DATA PROVIDED Start Marker
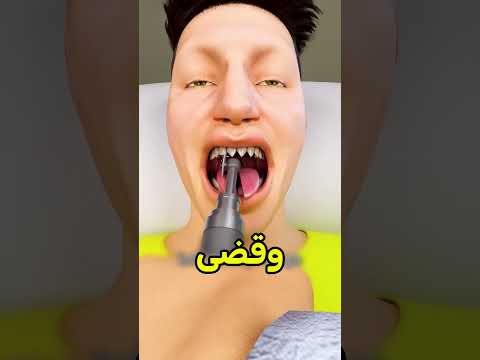 حول نفسه لسحلية و ندم عليها 😨 #shortvideos thumbnail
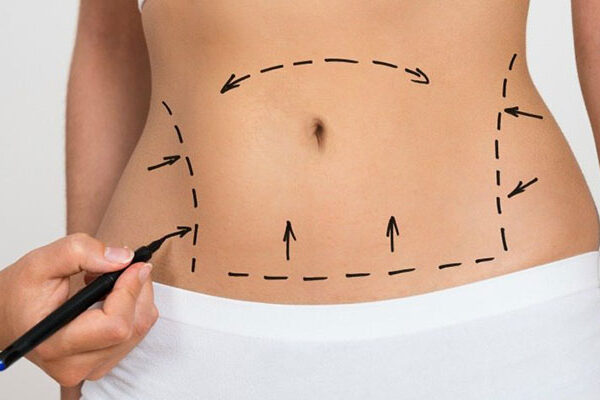 ابدومینوپلاستی یا جراحی زیبایی شکم در اهواز ابدومینوپلاستی یا جراحی زیبایی شکم در اهواز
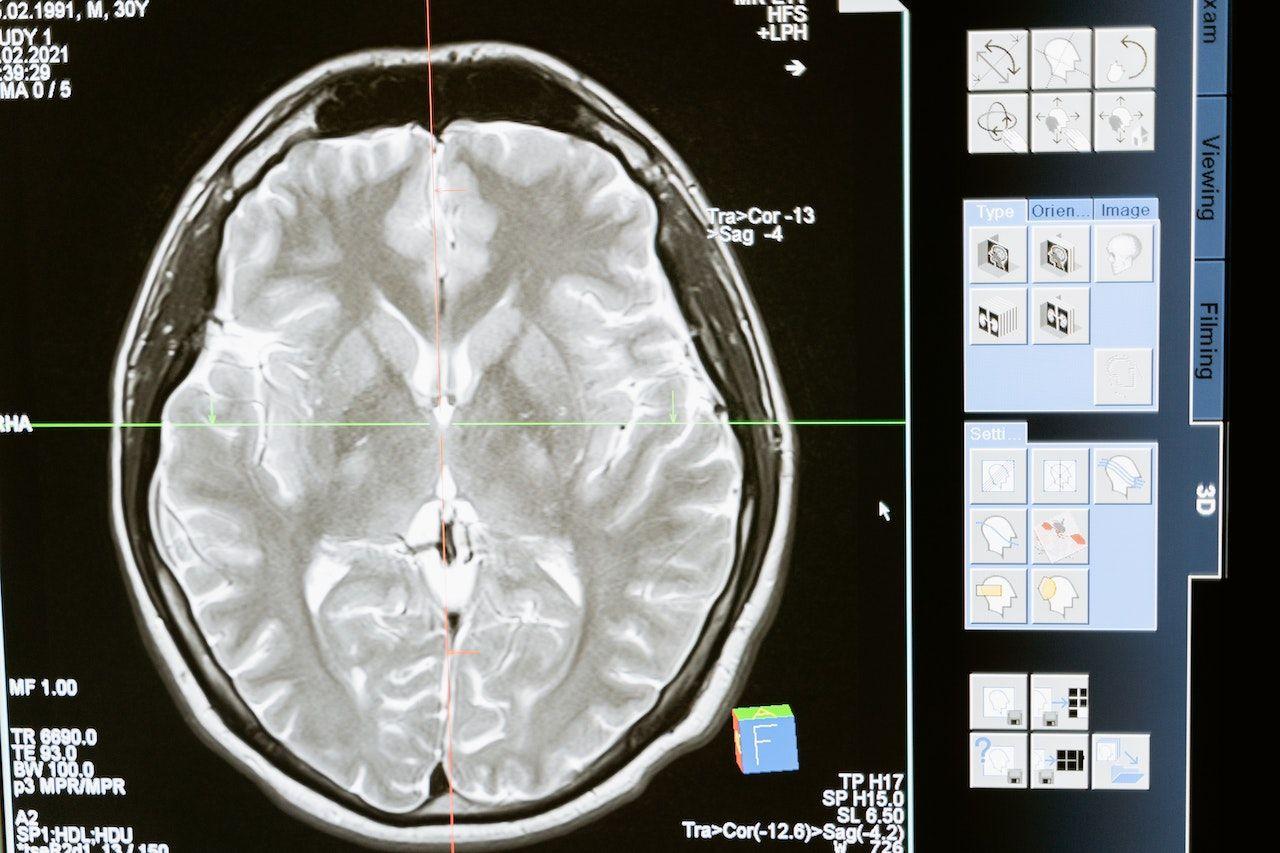 Brain scan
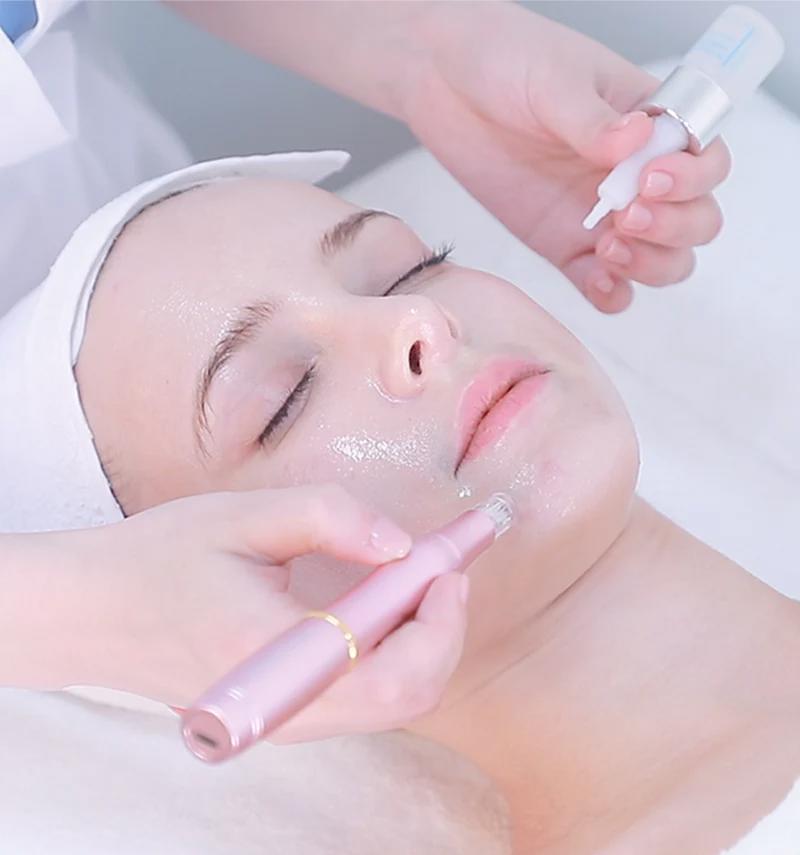 Oxygen Facials with Microchanneling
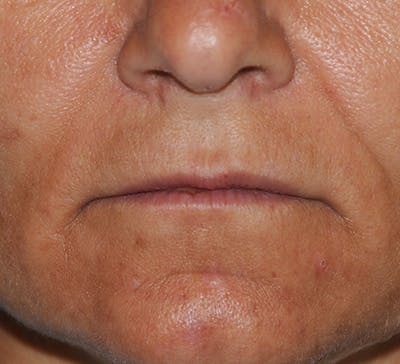 Lip Augmentation Before & After Gallery - Patient 208220 - Image 1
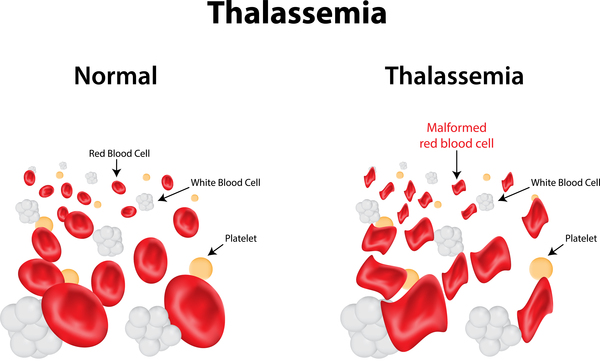 Best Thalassemia Treatment in India - Healing Touristry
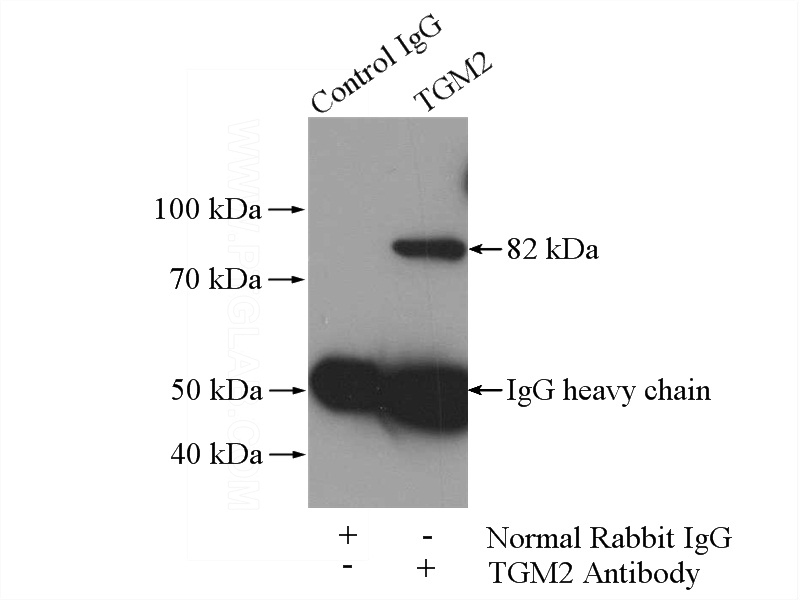 IP Result of anti-TGM2 (IP:Catalog No:116029, 4ug; Detection:Catalog No:116029 1:400) with HeLa cells lysate 1200ug.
DATA PROVIDED End Marker
TASK INSTRUCTIONS:
Omit the pictures and retype exactly the lines from the one containing "ابدومینوپلاستی یا جراحی زیبایی شکم در اهواز ابدومینوپلاستی" through the end of the entries above.

RESPONSE TO THIS TASK:
 ابدومینوپلاستی یا جراحی زیبایی شکم در اهواز ابدومینوپلاستی یا جراحی زیبایی شکم در اهواز
 Brain scan
 Oxygen Facials with Microchanneling
 Lip Augmentation Before & After Gallery - Patient 208220 - Image 1
 Best Thalassemia Treatment in India - Healing Touristry
 IP Result of anti-TGM2 (IP:Catalog No:116029, 4ug; Detection:Catalog No:116029 1:400) with HeLa cells lysate 1200ug.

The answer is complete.